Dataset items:
******
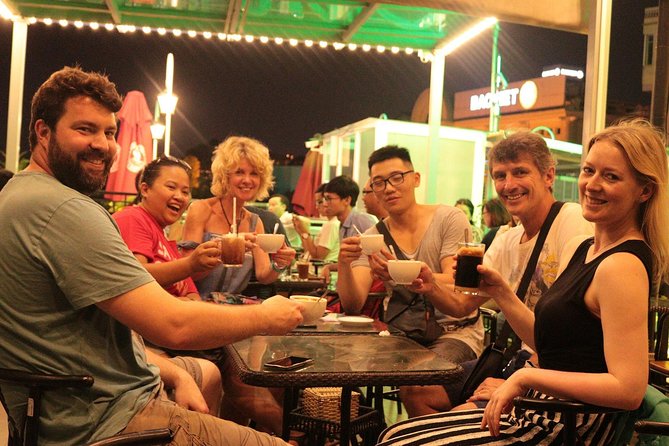 HaNoi Foodie Tour - Mini Class Coffee - Meeting and Pickup Details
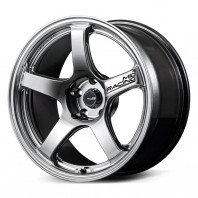 MID RACING R50 EVO 17x7.0 45 114.3x5 HSI + BRIDGESTONE Ecopia EP150(EP15BZ) 205/55R17 91V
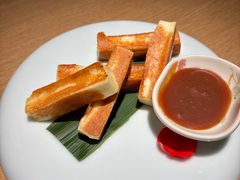 铁板鲜奶-阿吾罗·月咏精致日料(港汇恒隆广场店)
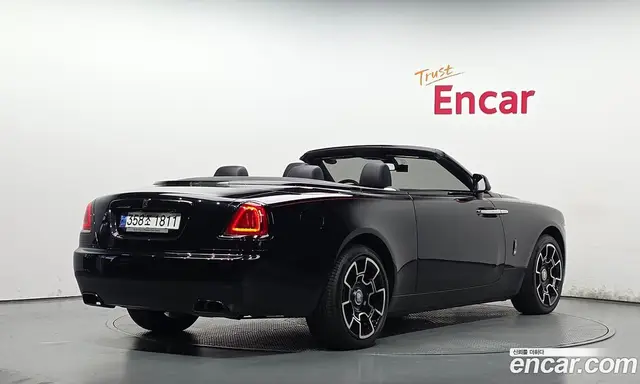 Rolls-Royce Dawn 2020 6.6 автомат (гидро), миниатюра 2 Rolls-Royce Dawn 2020 6.6 автомат (гидро), миниатюра 2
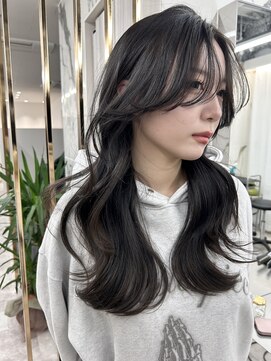 エトワール(ETOILE) 大人レイヤーカット/ロングレイヤー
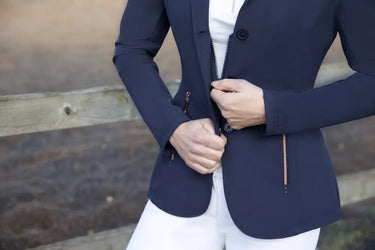 Hy Equestrian Roka Royal Show Jacket| Online For Equine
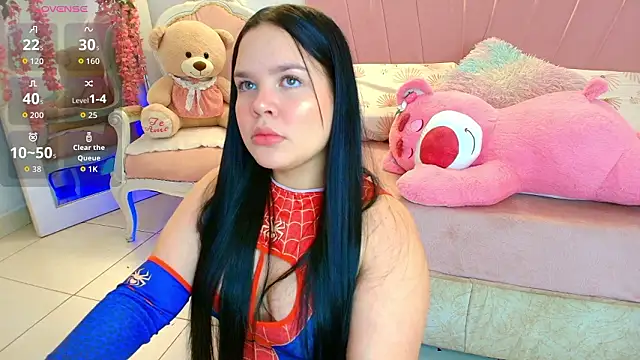 Snapshot of _sammysaenz chatting on March 5, 2026, 11:34 pm sammysaenz online show from March 5, 2026, 11:34 pm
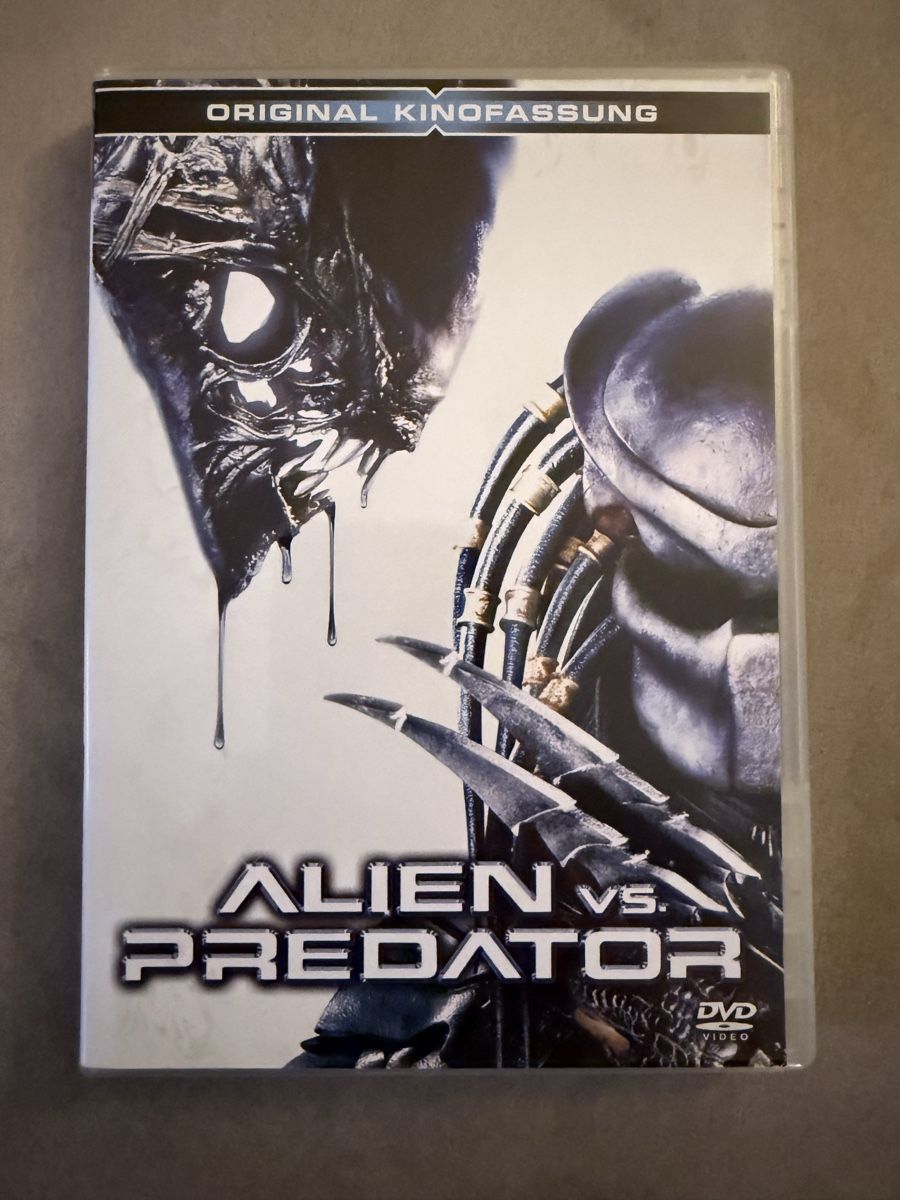 Alle DVDs: Alien Collection & Alien vs. Predator – Neu (gemäss Beschreibung) aus Oetwil a.d. Limmat von music_playthings 5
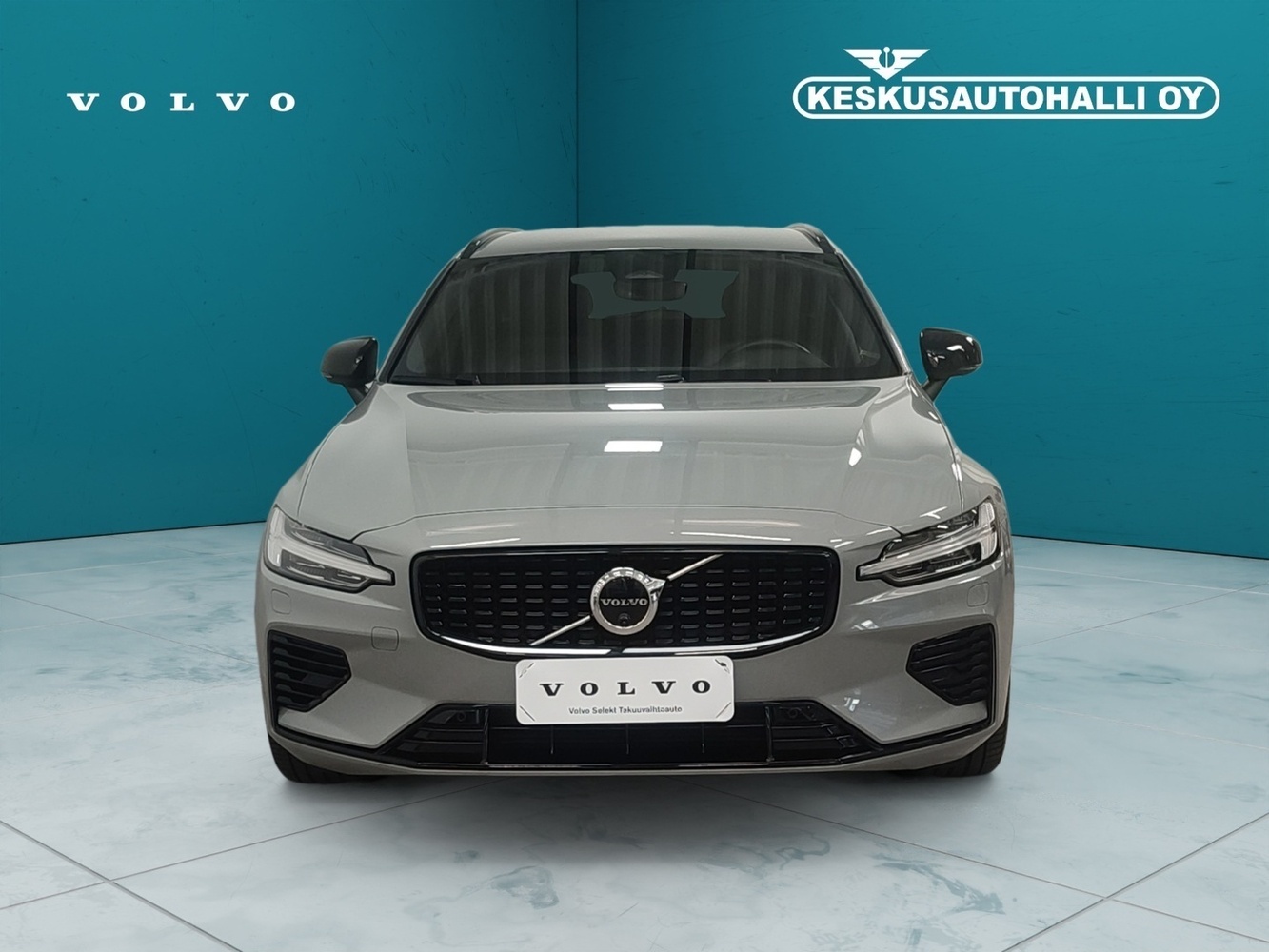 Volvo V60 vaihtoauto
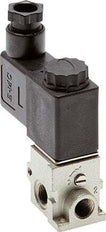 3/2 G1/8'' NC-Magnetventil 24V DC 0-8bar/0-112psi E.MC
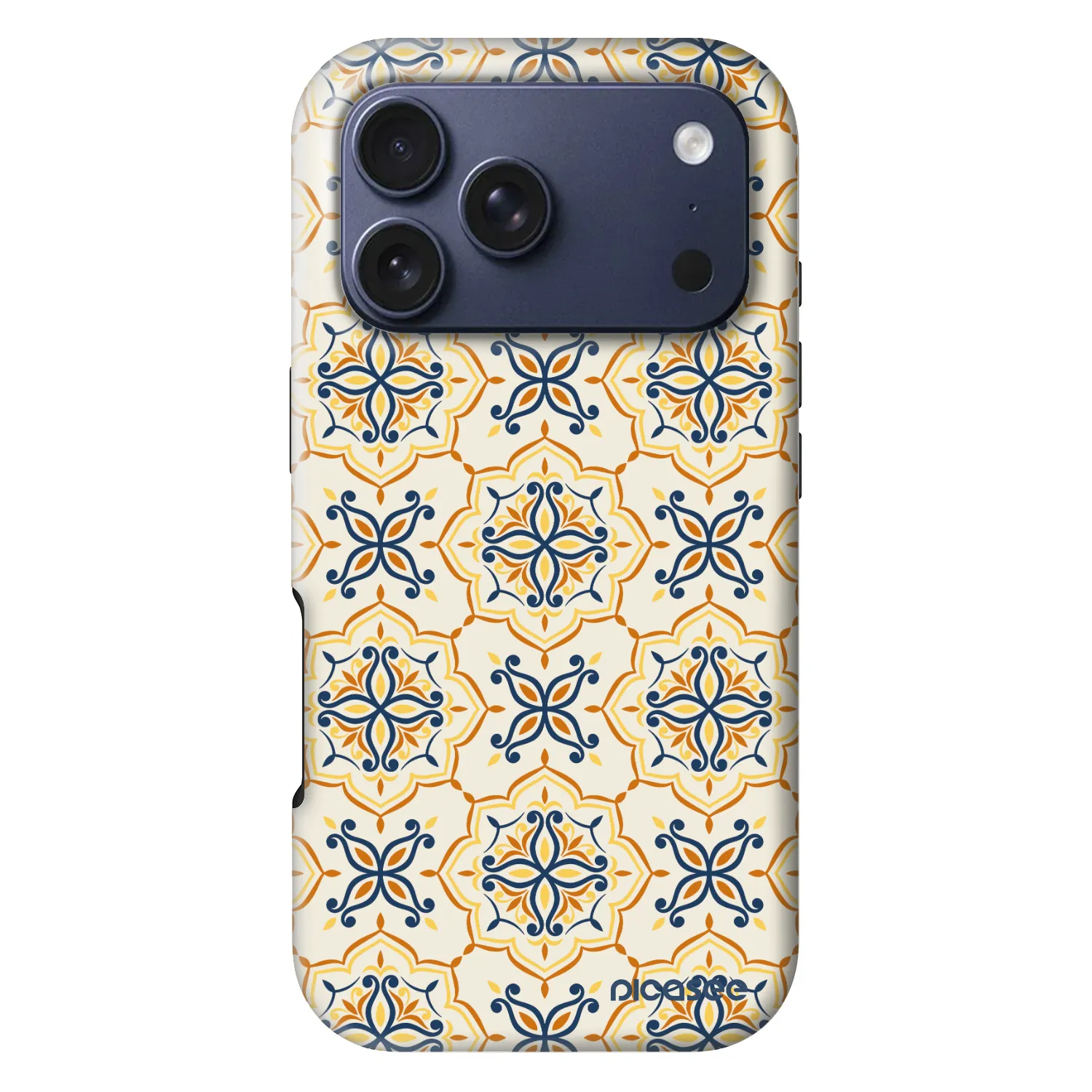 Picasee Fashion Case MagSafe für Apple iPhone 18 Pro - Majolica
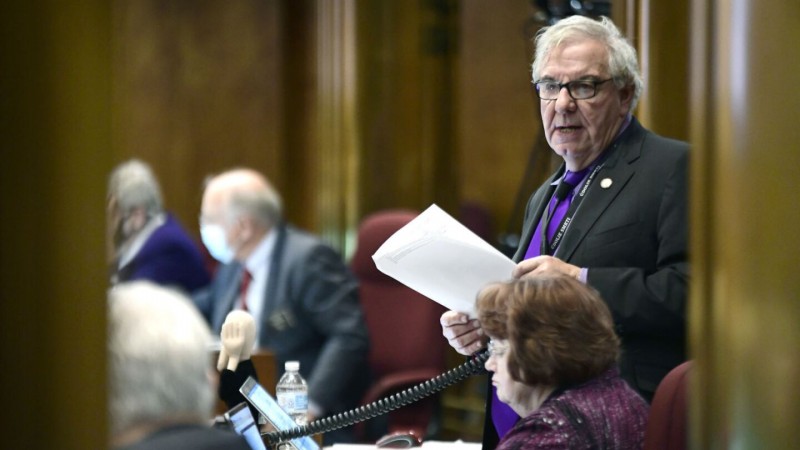 Trial rescheduled for April for former N.D. lawmaker accused of traveling for sex with minor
******
WORK REQUIRED: Retype every record above exactly as written, but leave out the pictures.

FINISHED EXERCISE:
 HaNoi Foodie Tour - Mini Class Coffee - Meeting and Pickup Details
 MID RACING R50 EVO 17x7.0 45 114.3x5 HSI + BRIDGESTONE Ecopia EP150(EP15BZ) 205/55R17 91V
 铁板鲜奶-阿吾罗·月咏精致日料(港汇恒隆广场店)
 Rolls-Royce Dawn 2020 6.6 автомат (гидро), миниатюра 2 Rolls-Royce Dawn 2020 6.6 автомат (гидро), миниатюра 2
 エトワール(ETOILE) 大人レイヤーカット/ロングレイヤー
 Hy Equestrian Roka Royal Show Jacket| Online For Equine
 Snapshot of _sammysaenz chatting on March 5, 2026, 11:34 pm sammysaenz online show from March 5, 2026, 11:34 pm
 Alle DVDs: Alien Collection & Alien vs. Predator – Neu (gemäss Beschreibung) aus Oetwil a.d. Limmat von music_playthings 5
 Volvo V60 vaihtoauto
 3/2 G1/8'' NC-Magnetventil 24V DC 0-8bar/0-112psi E.MC
 Picasee Fashion Case MagSafe für Apple iPhone 18 Pro - Majolica
 Trial rescheduled for April for former N.D. lawmaker accused of traveling for sex with minor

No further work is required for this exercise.